Astrid asks: "Is a real man in tango particularly male and macho ? Or is he more sensitive and caring than the general European idea of "real men", or anything promoted in the Marlboro advertisements?"

What are "Real women" and "Real men" in tango?

There is no doubt that a man in tango is male and macho. Tango is a product of popular Argentine Culture, the same as Jazz, Fox-trot or Swing are artistic manifestations of its American counterpart. Tango, in that sense, is a reflection of Argentinean spiritual values; values that are to some extent still prevalent in an attenuated way.

To be macho the Argentinean way is to be self confident, to be certain of where a man stands and where he is going. He is in charge, he is reliable and accepts responsibility. He cares for the well-being, safety and happiness of his woman.

When walking on the side-walks he allows the lady the inner side, the side closer to the wall and away from the street for her protection. He enters the milonga holding her hand in a ceremonious way and allows her to walk in front following the maitre to the table. There he grants her the area behind the table as he sits to the side with his legs exposed. He passes his arm across her shoulders for everybody to know that he is in charge of all her needs.

When dancing, he acts with conviction, poised and certain of his role. He leads.

He talks for some time awaiting to get the feeling of the music. He initiates the embrace allowing her to decide how close she wishes to be. The musics evokes in his mind the moves of the dance, he leads by transferring that feeling to her. He is always in charge, moves through the floor effortlessly, without interfering or disturbing the other couples. Navigates with grace and determination. He makes sure that she is enjoying the moment. He allows time for her artistic expression, is attentive to her spiritual and physical needs.

After the music stops, he holds her in his arms for a few more moments, like the real treasure that she is. Then he walks slowly to the table allowing her to walk in front. He pays for all the expenses, never allowing a lady to pay for anything.

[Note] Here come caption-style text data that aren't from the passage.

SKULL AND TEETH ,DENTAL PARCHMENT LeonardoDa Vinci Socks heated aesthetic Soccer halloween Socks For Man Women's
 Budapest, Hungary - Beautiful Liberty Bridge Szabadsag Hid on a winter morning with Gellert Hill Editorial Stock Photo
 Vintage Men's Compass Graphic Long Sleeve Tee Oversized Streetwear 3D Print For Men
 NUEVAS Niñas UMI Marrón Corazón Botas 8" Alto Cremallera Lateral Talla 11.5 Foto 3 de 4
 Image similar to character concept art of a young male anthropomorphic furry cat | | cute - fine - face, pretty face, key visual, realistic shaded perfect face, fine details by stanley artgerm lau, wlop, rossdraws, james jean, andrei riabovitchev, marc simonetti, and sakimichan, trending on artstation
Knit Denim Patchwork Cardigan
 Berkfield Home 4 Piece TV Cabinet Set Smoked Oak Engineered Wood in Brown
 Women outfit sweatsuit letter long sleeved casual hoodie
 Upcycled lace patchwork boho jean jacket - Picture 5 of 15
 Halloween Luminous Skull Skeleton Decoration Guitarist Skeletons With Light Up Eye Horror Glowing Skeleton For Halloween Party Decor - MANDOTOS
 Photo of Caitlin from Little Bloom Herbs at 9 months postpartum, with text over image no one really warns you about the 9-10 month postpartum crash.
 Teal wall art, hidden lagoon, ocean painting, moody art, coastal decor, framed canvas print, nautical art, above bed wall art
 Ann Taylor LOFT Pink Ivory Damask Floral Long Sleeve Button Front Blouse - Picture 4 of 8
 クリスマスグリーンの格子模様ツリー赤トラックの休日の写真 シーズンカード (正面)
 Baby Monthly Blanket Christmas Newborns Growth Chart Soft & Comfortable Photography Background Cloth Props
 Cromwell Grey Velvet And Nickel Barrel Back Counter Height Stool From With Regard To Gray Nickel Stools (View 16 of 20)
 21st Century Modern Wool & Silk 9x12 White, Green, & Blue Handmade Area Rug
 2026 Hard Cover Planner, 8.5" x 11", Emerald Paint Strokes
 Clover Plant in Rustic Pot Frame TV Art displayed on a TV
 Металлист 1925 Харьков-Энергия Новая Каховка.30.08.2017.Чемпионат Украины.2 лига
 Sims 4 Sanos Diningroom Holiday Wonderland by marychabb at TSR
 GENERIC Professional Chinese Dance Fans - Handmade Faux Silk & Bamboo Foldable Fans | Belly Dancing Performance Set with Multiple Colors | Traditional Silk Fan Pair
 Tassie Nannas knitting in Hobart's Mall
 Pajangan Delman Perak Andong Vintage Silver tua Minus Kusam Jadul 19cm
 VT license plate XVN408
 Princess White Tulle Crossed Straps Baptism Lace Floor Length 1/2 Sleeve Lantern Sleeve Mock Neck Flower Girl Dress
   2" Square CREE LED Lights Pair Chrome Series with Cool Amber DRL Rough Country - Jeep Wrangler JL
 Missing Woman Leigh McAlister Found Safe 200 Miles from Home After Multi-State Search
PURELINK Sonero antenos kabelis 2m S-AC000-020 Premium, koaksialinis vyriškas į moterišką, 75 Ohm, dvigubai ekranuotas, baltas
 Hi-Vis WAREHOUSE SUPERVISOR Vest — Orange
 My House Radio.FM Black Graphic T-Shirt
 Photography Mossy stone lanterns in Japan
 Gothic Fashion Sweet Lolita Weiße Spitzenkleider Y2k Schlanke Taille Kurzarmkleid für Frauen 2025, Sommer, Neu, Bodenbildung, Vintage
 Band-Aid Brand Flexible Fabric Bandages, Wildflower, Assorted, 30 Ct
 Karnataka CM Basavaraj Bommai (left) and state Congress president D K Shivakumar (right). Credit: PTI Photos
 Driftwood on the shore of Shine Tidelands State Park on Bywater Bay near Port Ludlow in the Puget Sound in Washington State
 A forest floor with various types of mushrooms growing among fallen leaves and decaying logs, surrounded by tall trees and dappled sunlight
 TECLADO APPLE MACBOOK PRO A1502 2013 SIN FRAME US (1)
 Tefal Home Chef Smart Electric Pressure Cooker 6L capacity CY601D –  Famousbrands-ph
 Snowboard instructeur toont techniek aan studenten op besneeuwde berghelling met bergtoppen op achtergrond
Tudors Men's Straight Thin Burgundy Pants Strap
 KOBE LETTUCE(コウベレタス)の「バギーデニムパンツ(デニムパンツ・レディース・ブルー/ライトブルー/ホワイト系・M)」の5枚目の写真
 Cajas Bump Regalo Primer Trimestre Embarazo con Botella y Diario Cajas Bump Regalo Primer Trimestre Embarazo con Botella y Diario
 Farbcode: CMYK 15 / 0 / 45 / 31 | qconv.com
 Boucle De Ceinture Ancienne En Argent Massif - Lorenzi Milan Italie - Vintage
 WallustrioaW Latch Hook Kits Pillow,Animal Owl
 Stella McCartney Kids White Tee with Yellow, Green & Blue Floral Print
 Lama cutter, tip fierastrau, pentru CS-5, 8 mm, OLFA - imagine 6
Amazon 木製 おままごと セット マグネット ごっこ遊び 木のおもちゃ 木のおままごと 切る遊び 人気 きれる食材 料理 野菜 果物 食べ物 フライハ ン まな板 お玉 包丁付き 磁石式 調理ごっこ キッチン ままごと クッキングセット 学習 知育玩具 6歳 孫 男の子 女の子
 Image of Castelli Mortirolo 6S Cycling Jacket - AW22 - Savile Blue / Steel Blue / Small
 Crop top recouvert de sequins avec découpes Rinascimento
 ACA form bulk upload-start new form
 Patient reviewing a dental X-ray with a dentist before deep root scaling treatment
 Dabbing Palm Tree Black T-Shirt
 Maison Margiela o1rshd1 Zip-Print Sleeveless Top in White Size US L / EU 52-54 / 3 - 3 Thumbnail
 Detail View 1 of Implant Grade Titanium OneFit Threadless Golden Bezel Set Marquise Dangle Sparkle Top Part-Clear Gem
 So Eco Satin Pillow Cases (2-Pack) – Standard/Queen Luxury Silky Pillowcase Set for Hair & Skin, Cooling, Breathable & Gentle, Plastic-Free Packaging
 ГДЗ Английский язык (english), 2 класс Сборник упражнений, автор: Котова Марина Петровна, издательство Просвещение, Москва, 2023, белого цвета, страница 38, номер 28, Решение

He is happy to be male, she is happy to be female. Both are equal in their relationship. They do not compete - rather co-operate; they walk hand in hand helping and respecting each other. The strength of the woman is in her femininity, something mysterious that the man treasures and respects. His strength is in his masculinity, something different that she also respects.

Yes, some Argentinean men may object to a woman taking a lead role. They may strongly dislike such behavior. Most Argentinean women will as well. Tango then reflects the cultural elements of Argentinean society at the time of its evolution. Even when some of those values are rapidly disappearing, they are still alive and prevalent in the tango world. It is my impression that they are some of the strongest attractions to the modern couples, a place where for an instant the man and the woman can still be masculine and feminine without further consequences.